Evolution is caused by mutations in the DNA of organisms. Mutations change the properties of proteins, which are machines that carry out the functions necessary for life. Mutations have either a positive or negative effect on the survival and propagation of organisms and are submitted to natural selection. Evolution can be mimicked in the laboratory by directed or random mutagenesis of the DNA that encodes for a protein. In directed mutation one specifically selected building block of the protein is changed into another, whereas in random mutagenesis the changes are made randomly.
One example for random mutagenesis is DNA family shuffling, where the DNA of different organisms encoding for the same protein is cut into small pieces and reassembled into DNA that contains parts originated from different organisms. This creates a high amount of different variants from which the variant with the desired target function can be selected by using a method called phage display, which is a laboratory version of natural selection. In phage display, the mutated protein is displayed on the surface of a bacterial virus called phage. The phage contains the DNA encoding for the protein expressed (displayed) on the phage surface, and thus the function of the protein is connected with the DNA encoding it.
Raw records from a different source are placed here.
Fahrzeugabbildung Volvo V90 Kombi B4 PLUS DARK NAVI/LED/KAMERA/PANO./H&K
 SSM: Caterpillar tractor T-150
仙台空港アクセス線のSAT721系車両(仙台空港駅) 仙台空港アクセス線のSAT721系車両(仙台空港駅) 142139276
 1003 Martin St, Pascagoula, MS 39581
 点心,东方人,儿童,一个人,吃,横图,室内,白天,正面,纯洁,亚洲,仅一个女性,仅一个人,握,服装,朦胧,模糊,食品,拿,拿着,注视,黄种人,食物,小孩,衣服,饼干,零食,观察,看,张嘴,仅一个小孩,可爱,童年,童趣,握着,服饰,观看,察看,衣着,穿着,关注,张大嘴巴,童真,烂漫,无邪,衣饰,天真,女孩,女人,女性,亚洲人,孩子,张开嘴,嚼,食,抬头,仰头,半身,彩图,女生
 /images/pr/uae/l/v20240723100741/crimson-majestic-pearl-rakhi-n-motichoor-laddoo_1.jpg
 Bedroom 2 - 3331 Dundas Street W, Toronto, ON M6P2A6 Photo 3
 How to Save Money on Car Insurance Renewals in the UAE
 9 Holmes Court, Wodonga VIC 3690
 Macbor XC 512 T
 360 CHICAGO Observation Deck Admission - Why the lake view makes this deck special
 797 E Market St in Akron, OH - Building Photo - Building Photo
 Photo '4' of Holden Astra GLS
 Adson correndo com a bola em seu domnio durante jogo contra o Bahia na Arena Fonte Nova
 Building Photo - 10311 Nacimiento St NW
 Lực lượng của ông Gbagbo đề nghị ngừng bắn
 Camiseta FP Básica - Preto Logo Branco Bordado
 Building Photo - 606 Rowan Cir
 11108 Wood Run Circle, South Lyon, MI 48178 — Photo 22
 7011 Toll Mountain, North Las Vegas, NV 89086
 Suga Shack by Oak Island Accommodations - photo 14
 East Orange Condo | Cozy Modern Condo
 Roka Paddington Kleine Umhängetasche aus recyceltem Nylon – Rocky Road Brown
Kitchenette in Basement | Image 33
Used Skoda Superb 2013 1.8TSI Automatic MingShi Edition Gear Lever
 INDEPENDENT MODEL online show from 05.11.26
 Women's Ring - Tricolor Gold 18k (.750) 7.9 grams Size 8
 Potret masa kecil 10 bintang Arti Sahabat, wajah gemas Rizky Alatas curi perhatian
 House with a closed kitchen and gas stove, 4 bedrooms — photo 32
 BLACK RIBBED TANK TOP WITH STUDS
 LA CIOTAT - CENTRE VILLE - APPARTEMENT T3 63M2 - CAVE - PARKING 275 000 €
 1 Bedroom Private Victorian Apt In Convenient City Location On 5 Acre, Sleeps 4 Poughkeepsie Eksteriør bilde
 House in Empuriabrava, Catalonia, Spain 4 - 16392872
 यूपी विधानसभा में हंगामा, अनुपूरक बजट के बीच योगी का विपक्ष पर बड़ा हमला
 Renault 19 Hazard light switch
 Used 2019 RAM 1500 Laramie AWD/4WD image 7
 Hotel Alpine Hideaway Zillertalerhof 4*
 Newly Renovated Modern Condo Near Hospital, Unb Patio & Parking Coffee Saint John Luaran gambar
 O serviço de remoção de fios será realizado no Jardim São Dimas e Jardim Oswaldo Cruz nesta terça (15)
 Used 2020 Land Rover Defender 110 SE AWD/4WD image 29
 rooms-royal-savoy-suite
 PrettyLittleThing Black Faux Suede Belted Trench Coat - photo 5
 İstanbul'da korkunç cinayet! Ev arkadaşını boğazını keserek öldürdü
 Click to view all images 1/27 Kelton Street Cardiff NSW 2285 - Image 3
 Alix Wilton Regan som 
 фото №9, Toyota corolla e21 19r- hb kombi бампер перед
We used directed mutagenesis and DNA family shuffling to alter the function of the protein avidin. Avidin is a highly stable protein that tightly binds to the small molecule biotin. It can be found in a variety of organisms including vertebrates, fungi and bacteria. Its function and structural properties makes it a good candidate to develop life sciences applications where immobilization of molecules is required. We were able to alter the function and structural properties of avidin using DNA family shuffling in combination with phage display and by applying directed mutagenesis. In addition we characterized avidin from zebrafish.